▶ _Image-text web data_:
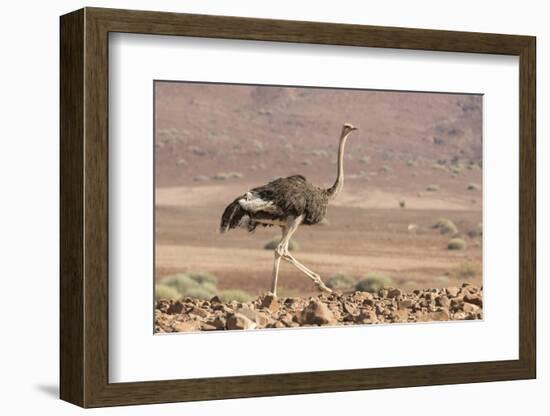 Namibia, Damaraland. Ostrich walking in the Palmwag Conservancy.-Jaynes Gallery-Framed Photographic Print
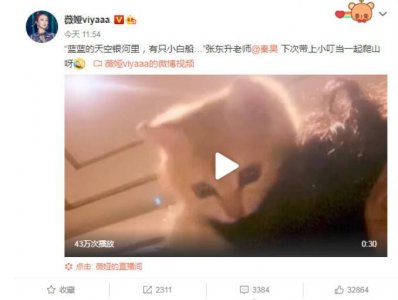 薇娅拒绝秦昊拍合照 网友：张东升把魔抓伸向薇娅了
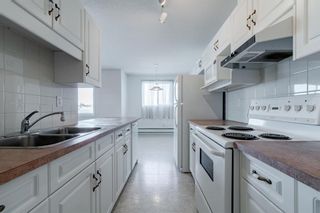 Photo 24: 427 165 Manora Place NE in Calgary: Marlborough Park Apartment for sale : MLS®# A1196284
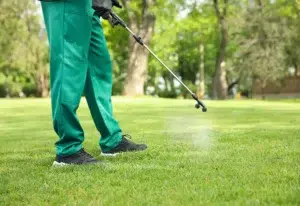Home pest control technician in Houston, TX spraying lawn to remove sod webworms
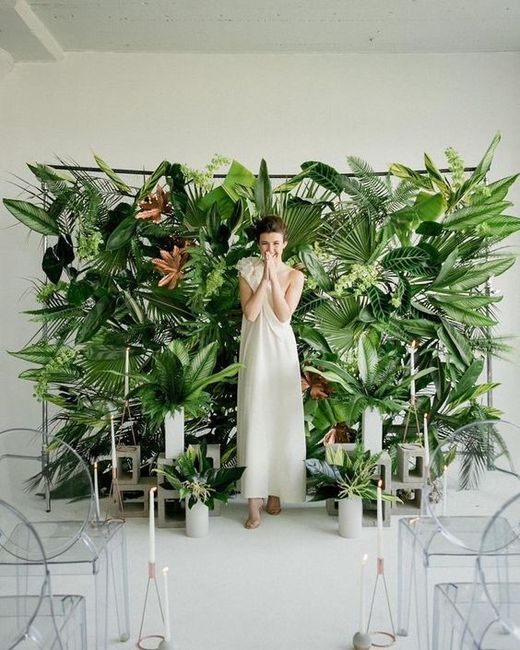 Backdrop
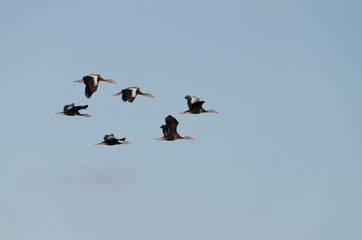 Six Black-Bellied Whistling Ducks in flight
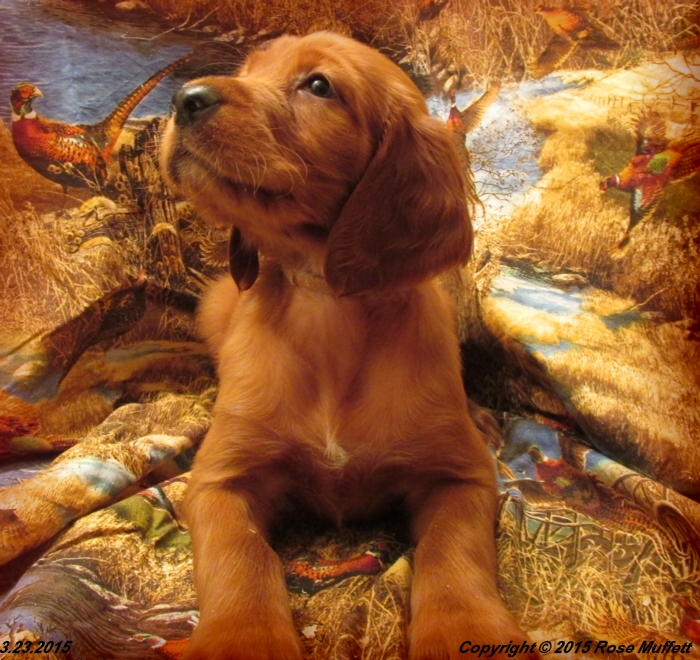 Irish Setter Puppy For Sale
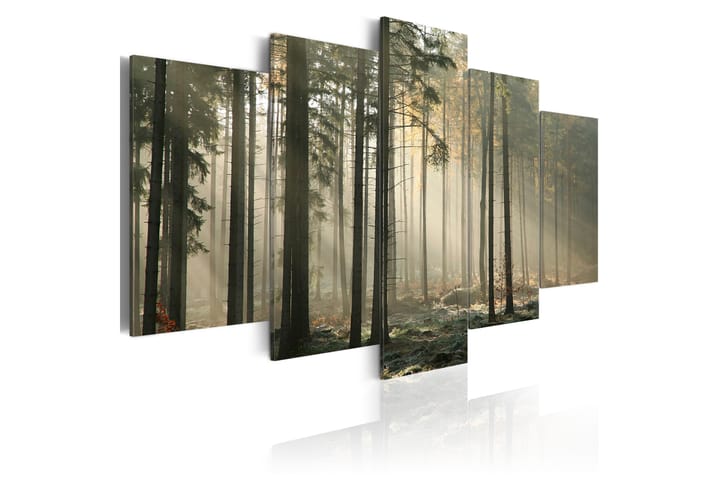 Taulu Light In A Dark Forest 200x100 - Artgeist sp. z o. o. - Canvas-taulu - Seinäkoristeet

▶ _EXERCISE AIM_: Set the pictures aside and restate word for word only the lines from the line containing "Home pest control" through the end of the entries above, both included.

▶ _EXERCISE RESPONSE_:
Home pest control technician in Houston, TX spraying lawn to remove sod webworms
 Backdrop
 Six Black-Bellied Whistling Ducks in flight
 Irish Setter Puppy For Sale
 Taulu Light In A Dark Forest 200x100 - Artgeist sp. z o. o. - Canvas-taulu - Seinäkoristeet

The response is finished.